Der Wanderzirkus verließ Jurador, bevor die Sonne am Horizont aufstieg, eine lange Wagenkolonne, die durch die Dunkelheit über die breite Straße rollte mit Lucas bunter, von sechs Pferden gezogener Monstrosität an der Spitze. Tuons Wagen fuhr direkt dahinter mit Gorderan auf dem Kutschbock, dessen Schultern beinahe breit genug waren, dass er als Kraftmensch durchging, und Tuon und Selucia quetschten sich mit ins Gesicht gezogenen Kapuzen an seine Seite. Die Vorratswagen und die Tierkäfige und die Ersatzpferde bildeten den Abschluss. Wachtposten im Seanchanerlager sahen ihrer Abreise zu, stumme gepanzerte Gestalten in der Nacht.

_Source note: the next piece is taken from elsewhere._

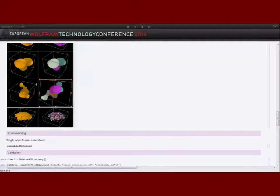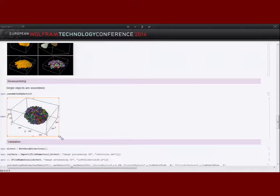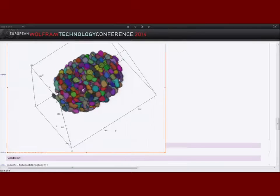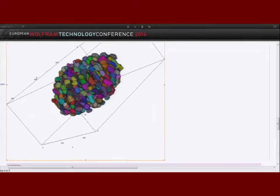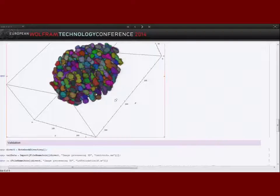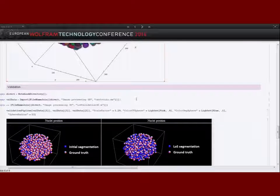The last step is to take all the single objects that were split and reassemble them into the final spheroid. Different colors mean different cell nuclei. When we look at the back of the spheroid, it's more reasonable than the intensity-based segmentation result.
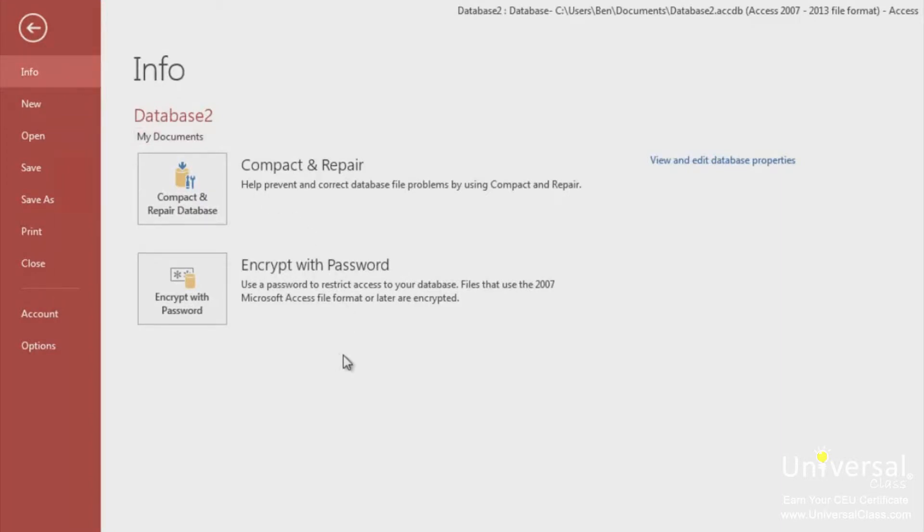In the center of the screen, you'll see two options: Compact and Repair Database and Encrypt with Password. If you select Compact and Repair, Access will compact your database and correct any errors that might cause your database files not to display or open correctly.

Nicht, dass das Lager selbst still war. Schattenhafte Umrisse standen in starren Reihen zwischen den Zelten, während laute Stimmen die Namen ruhig aufriefen und andere antworteten. Mat hielt beinahe den Atem an, bis die regelmäßigen Rufe hinter ihm verklangen. Disziplin war eine wunderbare Sache. Jedenfalls für andere Männer.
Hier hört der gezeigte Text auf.